Posted on February 10, 2009. Filed under: one pot, poultry, soul, soup |

I hadn’t been planning on posting two recipes in a row, but I have a feeling the cold spell won’t last.  Yup, it’s actually cold enough in Los Angeles to make soup.  (Note: It is NOT cold enough to wear a parka.  If you are an Angeleno who breaks out the mittens and scarves when the temperature drops below 65, please email me.  We’re going to take a little field trip.  To Canada.)
I thought this recipe was pretty timeless, but, this time around, I actually found a way to improve it.  Amazing.
1 Big Old Chicken
5 Carrots
5 Stalks Celery, including leaves
1 Onion
2 Parsnips
1 Turnip
Big old chicken?  Indeed.  The older the bird, the more flavor in the bones.  So look for a chicken labeled ‘roaster’.
Rinse the chicken.  Place it in a large stock pot, and cover with cold water.  Bring to a boil, and let the scum rise to the top.  Remove chicken, and rinse both the bird and the pot.  Return the chicken, add remaining ingredients.  Cover with more cold water.

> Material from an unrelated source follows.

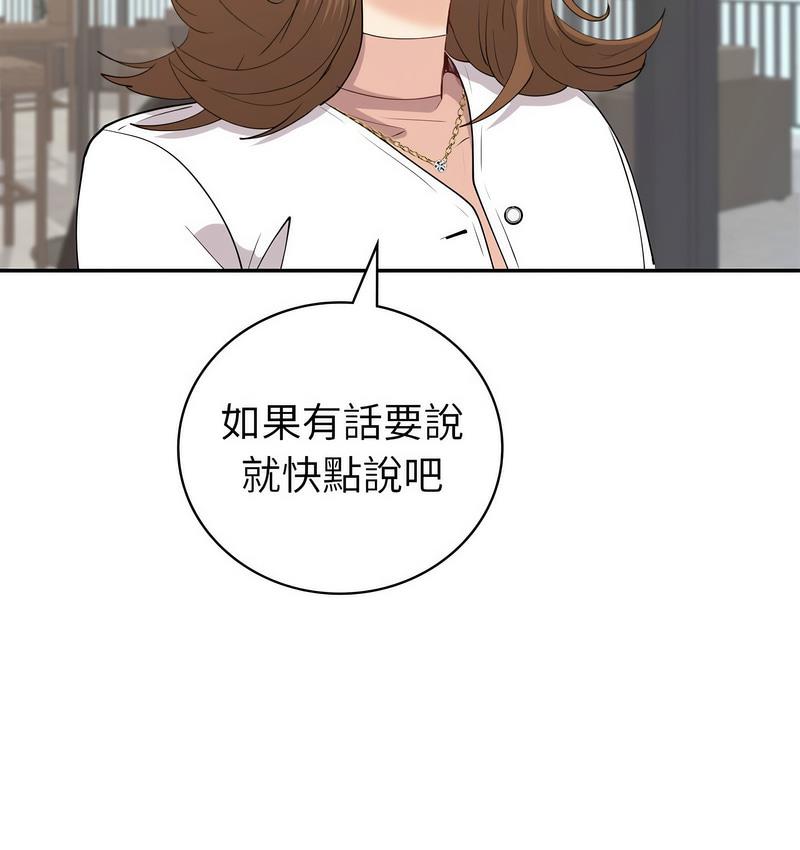 [韩国漫画] 回不去的婚姻 剧情,熟女人妻,女仆#[158P]-55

Simmer for about 4 hours.  Simmer, my friends, not boil.  Strain broth.  Save the chicken and carrots, they’re good eating.  Compost the rest.
If you want a really clear broth, you can return the strained soup to the pan, and add two lightly beaten egg whites. Allow to boil for a few minutes, and the extra junk will be picked up by the congealing protein in the egg.  Strain this through a cheese cloth.  The result will be a nice clear broth.  For me, the work/flavor/beauty ratio favors work waaaay to much to make this worthwhile.  But, if this sort of thing matters to you, do it!
Now for something special: Right before serving, I chopped a small handful of celery leaves and added them to the soup.  Balls.  I enjoyed this much more than adding chopped dill, which is the traditional garnish.